A avaliação do ministro Freitas tem relação com as ameaças de paralisação feitas por alguns “ditos líderes”, como critica o ministro reservadamente. A possibilidade de uma greve nacional, como em 2018, não preocupa o governo. Mas também não é completamente descartada.

Um dos motivos de insatisfação de parte das lideranças, que as leva a criticar o governo — e Tarcísio a romper com elas —, é o projeto conhecido como "BR do Mar", que incentiva a navegação de cabotagem e pode reduzir a demanda por transporte terrestre. Há uma semana, o caminhoneiro Wallace Landim, que é conhecido como Chorão e foi um dos principais articuladores da greve de maio de 2018, disse que o presidente Jair Bolsonaro – eleito naquele mesmo ano com apoio ostensivo dos transportadores – "traiu" a categoria.

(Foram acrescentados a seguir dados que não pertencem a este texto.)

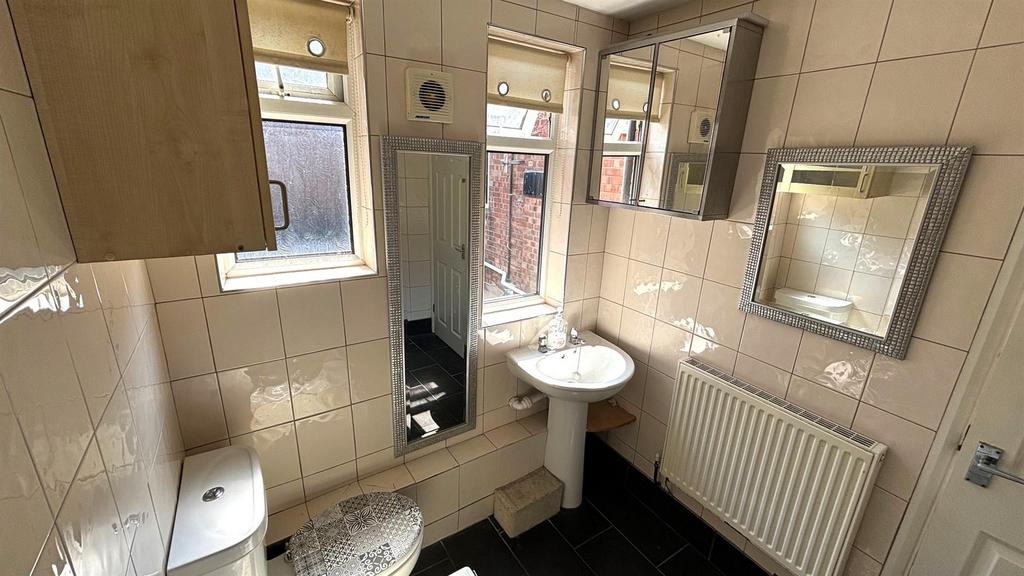 The Jamb bathroom 1.jpg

Ameaças de greve dos caminhoneiros são constantemente analisadas pelo governo federal desde 2018. O Sistema Brasileiro de Inteligência (Sisbin) – que reúne informações de 42 órgãos federais de diferentes ministérios – vem monitorando a "temperatura" da categoria. Entre os que acompanham de perto a questão estão a Polícia Rodoviária Federal e o Gabinete de Segurança Institucional (GSI).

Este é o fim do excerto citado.